Il doit être dit clairement que le droit à l’autodétermination de la Casamance est indiscutable sur le plan historique, géographique, démographique, culturel et politique. Ce qui en soi n’est nullement incompatible avec l’objectif de l’unité panafricaine des peuples libres.
C’est ce que nous expliquons en ces termes lors de notre hommage à feu l’Abbe Diamancoune le 15 janvier 2007 : « Aux panafricanistes qui prétextent « l’intangibilité des frontières » nées de « la balkanisation de l’Afrique » par le charcutage colonial qui a, à la fois, séparé et uni les peuples africains sans leur demander leur avis pour les besoins prédateurs du partage colonial de l’Afrique, Diamancoune Senghor répondait à juste titre : « Laissez les partir, ces Casamançais, pour mieux se retrouver peut-être avec le temps dans une situation plus claire, plus naturelle et plus équilibrée » (Ferñent N°65 de novembre 1990 qui cite Xarébi N°30, p.4).

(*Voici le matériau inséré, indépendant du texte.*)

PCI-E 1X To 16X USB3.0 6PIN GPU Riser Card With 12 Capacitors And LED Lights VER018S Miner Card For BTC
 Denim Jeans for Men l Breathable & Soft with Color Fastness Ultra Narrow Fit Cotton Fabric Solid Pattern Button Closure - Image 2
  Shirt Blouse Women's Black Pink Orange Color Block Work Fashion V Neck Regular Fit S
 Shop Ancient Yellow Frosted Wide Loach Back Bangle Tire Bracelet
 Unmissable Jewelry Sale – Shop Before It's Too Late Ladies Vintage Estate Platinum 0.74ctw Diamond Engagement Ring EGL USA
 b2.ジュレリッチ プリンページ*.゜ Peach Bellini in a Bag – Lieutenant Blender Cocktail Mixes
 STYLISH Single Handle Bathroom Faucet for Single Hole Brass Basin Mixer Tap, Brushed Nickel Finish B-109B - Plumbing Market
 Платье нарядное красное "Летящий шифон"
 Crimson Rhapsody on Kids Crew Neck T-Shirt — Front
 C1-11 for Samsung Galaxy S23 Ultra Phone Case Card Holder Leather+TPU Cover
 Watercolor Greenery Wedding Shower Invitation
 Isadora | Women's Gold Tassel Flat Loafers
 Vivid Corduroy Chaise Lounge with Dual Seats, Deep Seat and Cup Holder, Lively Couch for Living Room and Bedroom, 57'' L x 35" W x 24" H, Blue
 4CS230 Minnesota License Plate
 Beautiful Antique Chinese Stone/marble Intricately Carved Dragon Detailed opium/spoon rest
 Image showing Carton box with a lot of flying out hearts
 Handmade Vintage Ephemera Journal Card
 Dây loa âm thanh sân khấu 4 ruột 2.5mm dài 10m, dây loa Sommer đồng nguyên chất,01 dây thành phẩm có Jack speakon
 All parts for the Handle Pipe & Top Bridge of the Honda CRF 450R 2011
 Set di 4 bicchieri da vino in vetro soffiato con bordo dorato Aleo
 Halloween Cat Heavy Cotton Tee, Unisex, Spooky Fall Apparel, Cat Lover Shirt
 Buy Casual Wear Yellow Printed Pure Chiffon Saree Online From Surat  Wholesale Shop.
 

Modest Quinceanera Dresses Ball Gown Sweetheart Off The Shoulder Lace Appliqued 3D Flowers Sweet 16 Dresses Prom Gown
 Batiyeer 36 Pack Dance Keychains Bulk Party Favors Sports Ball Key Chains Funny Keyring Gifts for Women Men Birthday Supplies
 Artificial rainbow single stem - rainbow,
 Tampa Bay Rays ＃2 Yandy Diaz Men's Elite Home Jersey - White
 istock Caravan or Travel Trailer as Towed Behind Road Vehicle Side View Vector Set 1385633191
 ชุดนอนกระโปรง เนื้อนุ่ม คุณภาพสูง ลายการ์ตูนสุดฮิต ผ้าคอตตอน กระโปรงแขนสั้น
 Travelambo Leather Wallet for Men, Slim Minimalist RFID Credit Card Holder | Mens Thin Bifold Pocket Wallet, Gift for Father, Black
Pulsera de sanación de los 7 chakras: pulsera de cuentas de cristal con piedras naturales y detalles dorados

Le traitement colonial et néocolonial de la question nationale casamançaise est non seulement une faillite politique, économique et militaire, mais montre aussi à suffisance que les Casamançais(e)s sont des « Sénégalais entièrement à part » pour les régimes PS et libéraux semi-coloniaux qui se sont succédé jusqu’ici.
L’évolution nouvelle est l’avènement progressif d’une alternative patriotique, panafricaine qui envisage une discussion franche avec le MFDC dont le premier acte ne peut être que d’abord stopper la guerre et les tentatives de corruption en vue de diviser pour mieux régner, ensuite l’abrogation sans aucune condition des mandats d’arrêts contre les dirigeants intérieurs et extérieurs du MFDC. Il est clair que ces préalables sont indispensables pour rétablir la confiance.
En cas de blocage dans les éventuelles discussions, la voie pour aller vers la solution de la question casamançaise à ne pas exclure est l’organisation d’un référendum en Casamance co-organisé par l’Etat du Sénégal et le MFDC. Mieux vaut cela que les armes entre frères et sœurs.
Voilà une espérance à ne pas décevoir et qui doit absolument accélérer la prise de conscience populaire et électorale de la nécessité de débarrasser le pays des laquais bourgeois néo coloniaux libéraux et sociaux libéraux sur le chemin de l’union libre des peuples libres d’Afrique.